**** Exercise inputs
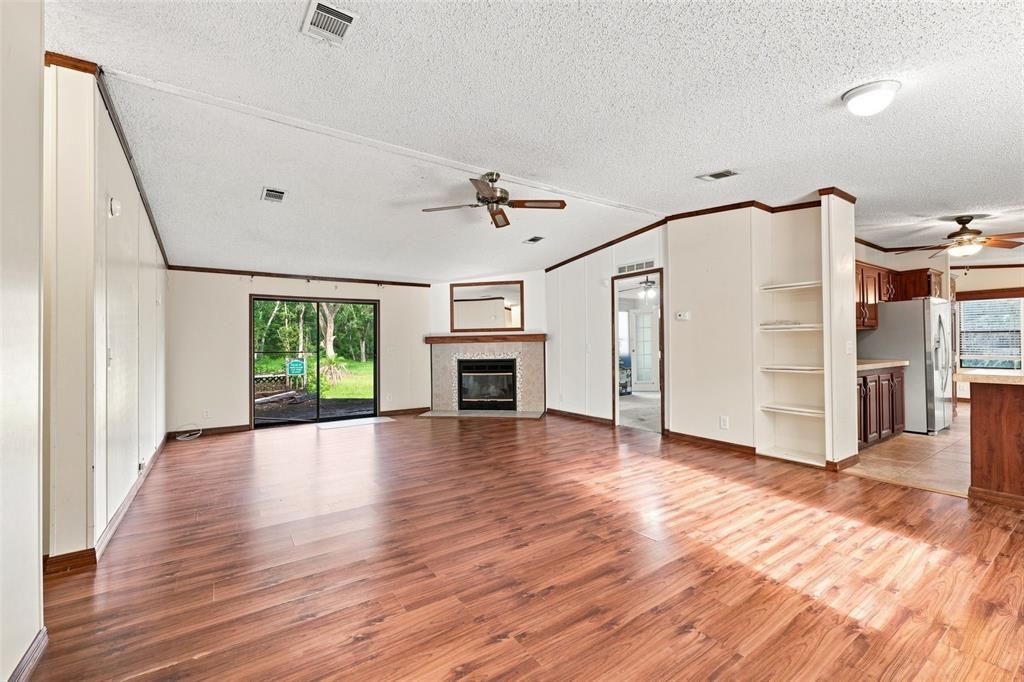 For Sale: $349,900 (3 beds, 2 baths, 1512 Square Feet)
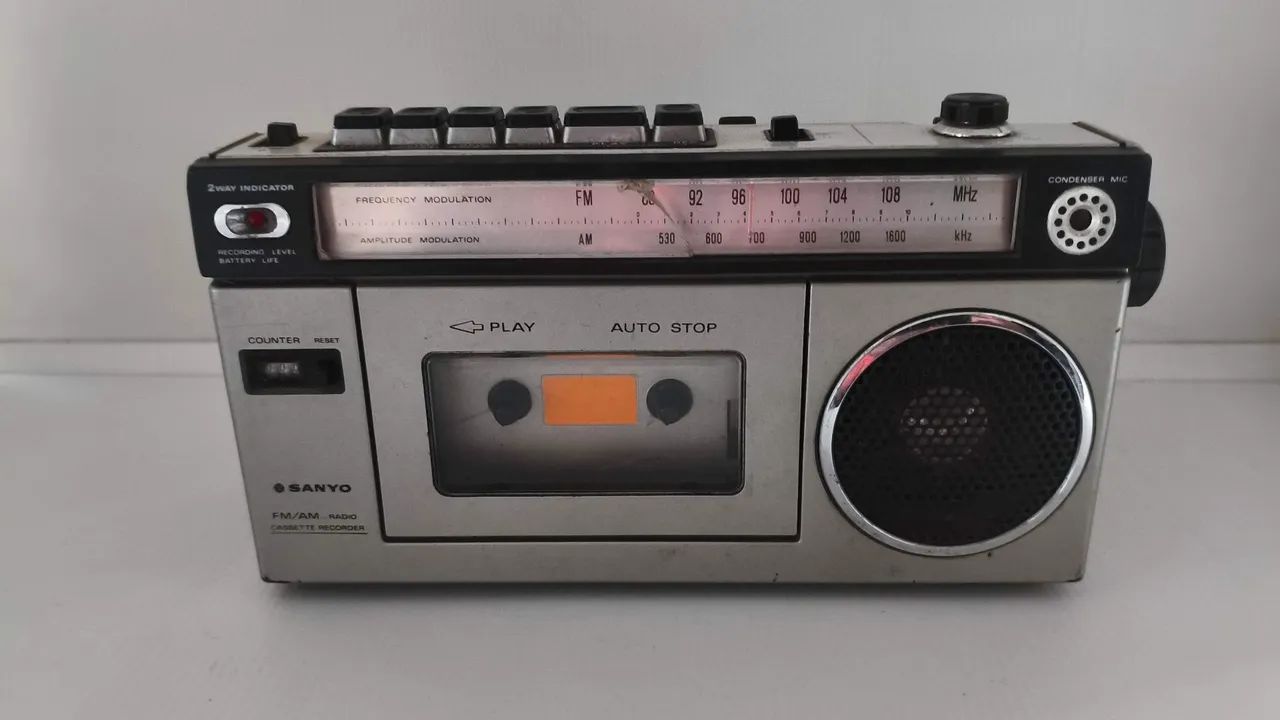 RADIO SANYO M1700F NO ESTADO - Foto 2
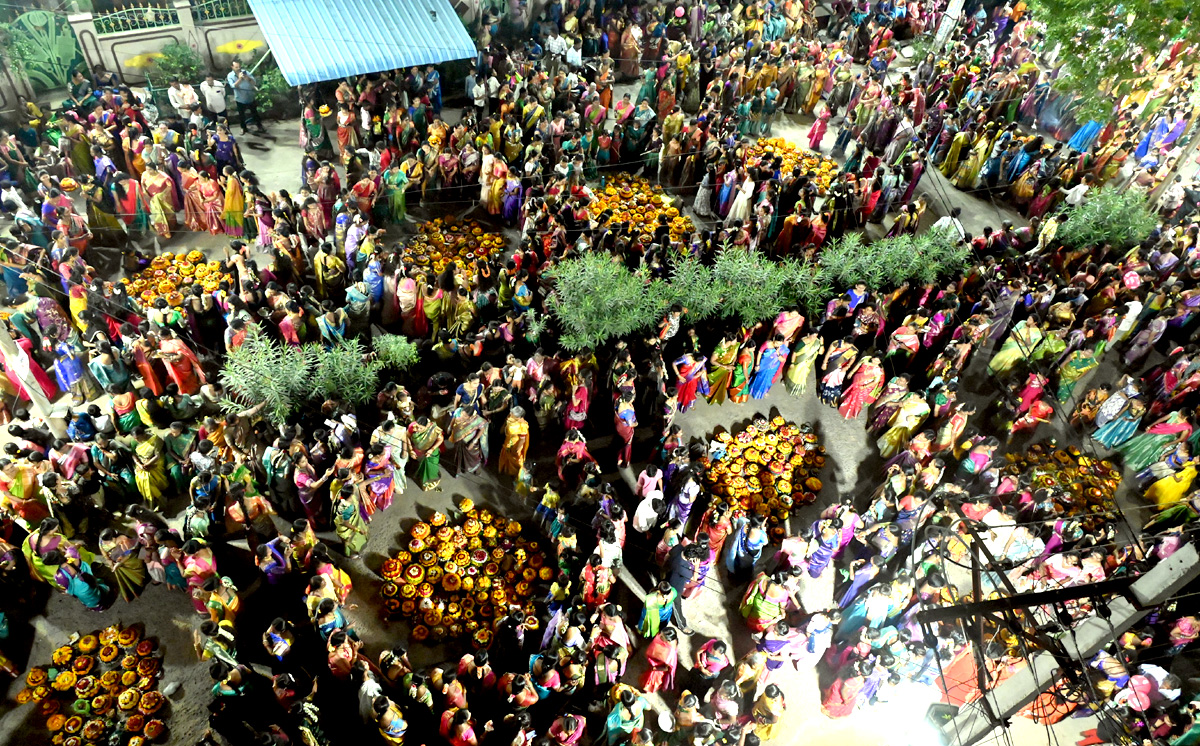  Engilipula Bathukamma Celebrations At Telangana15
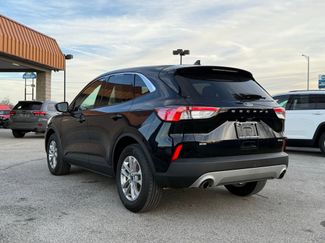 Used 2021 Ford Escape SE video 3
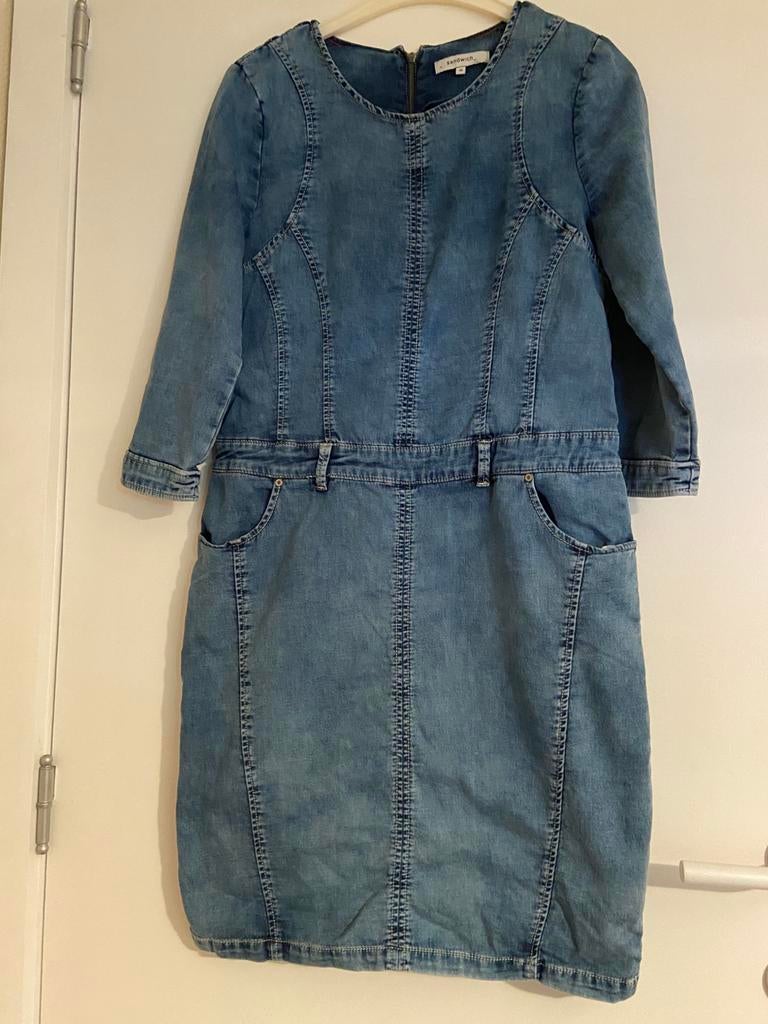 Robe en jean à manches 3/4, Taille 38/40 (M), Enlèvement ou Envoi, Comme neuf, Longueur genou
********
**** Exercise inputs
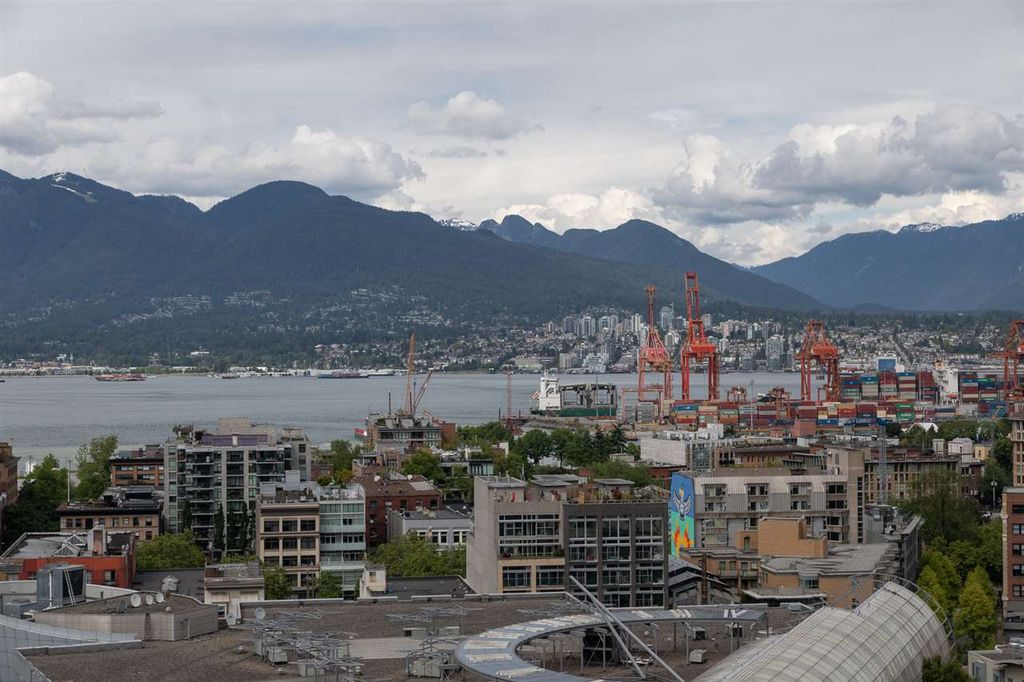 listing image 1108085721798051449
********
A clean copy is needed of the lines above from the one with "RADIO SANYO M1700F NO ESTADO - Foto 2" up to and including the one with "Robe en jean". Please set it down exactly, with no pictures.

 RADIO SANYO M1700F NO ESTADO - Foto 2
  Engilipula Bathukamma Celebrations At Telangana15
 Used 2021 Ford Escape SE video 3
 Robe en jean à manches 3/4, Taille 38/40 (M), Enlèvement ou Envoi, Comme neuf, Longueur genou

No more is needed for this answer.